Solve the problem when compiling CUDA fortran with PGI fortran compiler
when we have a Fortran source code as given below, named test_gemm.cuf
The code is coming from here.
module precision
! Precision control
integer, parameter, public :: Single = kind(0.0) ! Single precision
integer, parameter, public :: Double = kind(0.0d0) ! Double precision
integer, parameter, public :: fp_kind = Double
!integer, parameter, public :: fp_kind = Single
end module precision
module cublas
!
! Define the INTERFACE to the NVIDIA C code cublasSgemm and cublasDgemm
!
interface cuda_gemm
!
! void cublasSgemm (char transa, char transb, int m, int n,
! int k, float alpha, const float *A, int lda,
! const float *B, int ldb, float beta, float *C, int ldc)
!
subroutine cuda_sgemm(cta, ctb, m, n, k,&
alpha, A, lda, B, ldb, beta, c, ldc) bind(C,name='cublasSgemm')
use iso_c_binding
character(1,c_char),value :: cta, ctb
integer(c_int),value :: m,n,k,lda,ldb,ldc
real(c_float),value :: alpha,beta
real(c_float), device, dimension(lda,*) :: A
real(c_float), device, dimension(ldb,*) :: B
real(c_float), device, dimension(ldc,*) :: C
end subroutine cuda_sgemm
!
! void cublasDgemm (char transa, char transb, int m, int n,
! int k, double alpha, const double *A, int lda,
! const double *B, int ldb, double beta, double *C, int ldc)
!
subroutine cuda_dgemm(cta, ctb, m, n, k,&
alpha, A, lda, B, ldb, beta, c, ldc) bind(C,name='cublasDgemm')
use iso_c_binding
character(1,c_char),value :: cta, ctb
integer(c_int),value :: m,n,k,lda,ldb,ldc
real(c_double),value :: alpha,beta
real(c_double), device, dimension(lda,*) :: A
real(c_double), device, dimension(ldb,*) :: B
real(c_double), device, dimension(ldc,*) :: C
end subroutine cuda_dgemm
end interface
end module cublas
program gemm_test
use precision
use cublas
real(fp_kind) ,allocatable:: a(:,:),b(:,:),c(:,:)

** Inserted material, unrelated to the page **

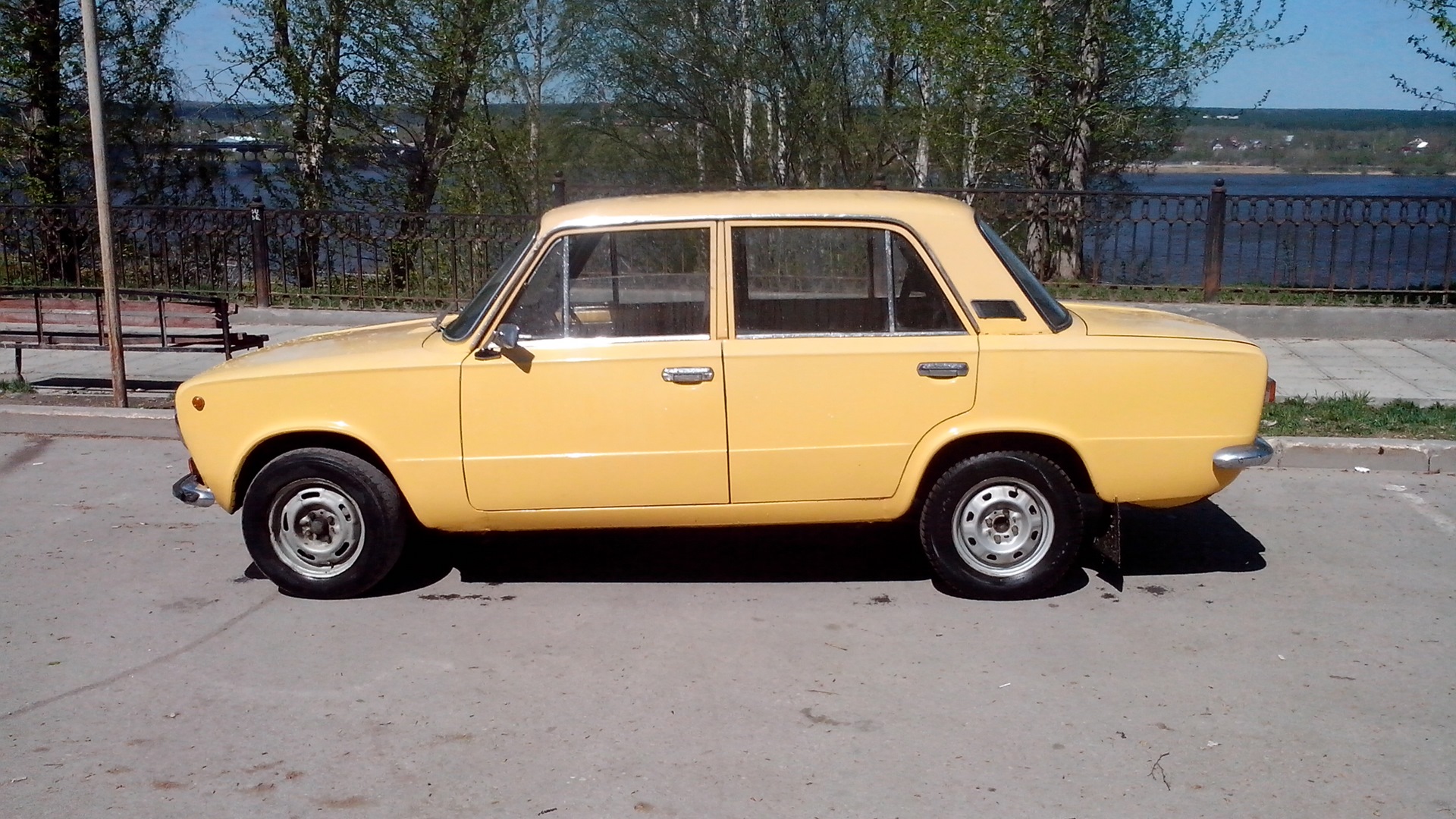 Lada 21011 1.3 бензиновый 1983 | Жигули-едет и уже хорошо на DRIVE2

real(fp_kind),device,allocatable:: a_d(:,:),b_d(:,:),c_d(:,:)
real(fp_kind):: alpha,beta
integer:: n,m,k
n=4
m=4
k=4
alpha=1._fp_kind
beta=2._fp_kind
! allocate arrays on the host
allocate (a(m,k))
allocate (b(k,n))
allocate (c(m,n))
! allocate arrays on the device
allocate (a_d(m,k))
allocate (b_d(k,n))
allocate (c_d(m,n))
!initialize arrays on host
a=1
b=2
c=3
!copy arrays to device
a_d=a
b_d=b
c_d=c
print *, "Matrix A:"
print *, a
print *, "Matrix B:"
print *, b
print *, "Matrix C:"
print *, c
call cuda_gemm ('N','N',m,n,k,alpha,a_d,m,b_d,k,beta,c_d,m)
c=c_d
print *, "Matrix C = alpha A*B+ beta C"
print *, c
!release memory on the host
deallocate (a,b,c)
!release memory on the device
deallocate (a_d,b_d,c_d)
end program gemm_test
Compile it from PGI BASH, using the command below will give you LINK Error: LNK1104: Can not open "libcublas.lib"

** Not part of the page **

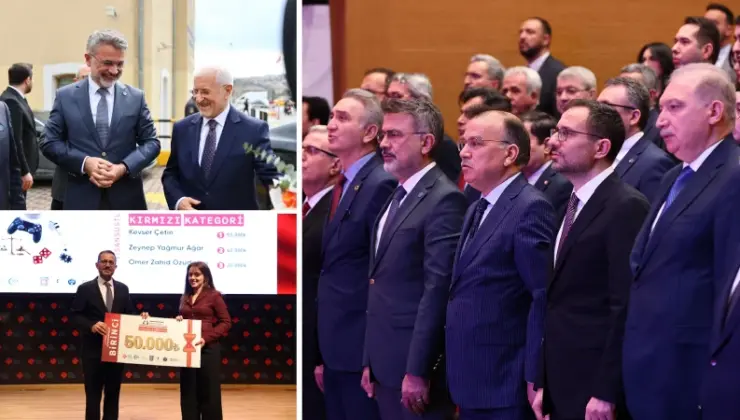 Şehit savcı Mehmet Selim Kiraz anısına 7. makale müsabakası mükafatları sahiplerini buldu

pgfortran -Mcuda -o test_gemm test_gemm.cuf -lcublas
After carefully checking, we already have the NVIDIA CUDA library installed. In PGI we also have they ready at C:Program FilesMATLABR2019bsyscudawin64cudalibx64 in my case.

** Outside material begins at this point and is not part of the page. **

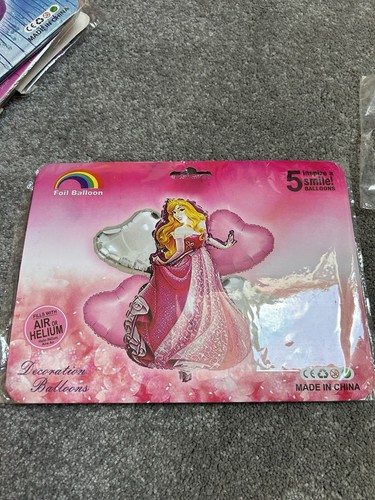 Disney princess foil - princess,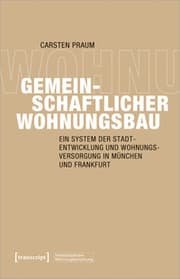 Cover von Gemeinschaftlicher Wohnungsbau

Such error simply implies that the linker is trying to find the lib file named after libcublas.lib rather than cublas.lib, the latter of which is the one really exists.
The solution is, go to the directory where the library files asides, using soft link or hard link to make a copy using the name that can comfort the linker like below
for i in `ls *.lib`
do ln -s $i lib$i
done
Then the problem is solved. The linker now can find the library files it needs.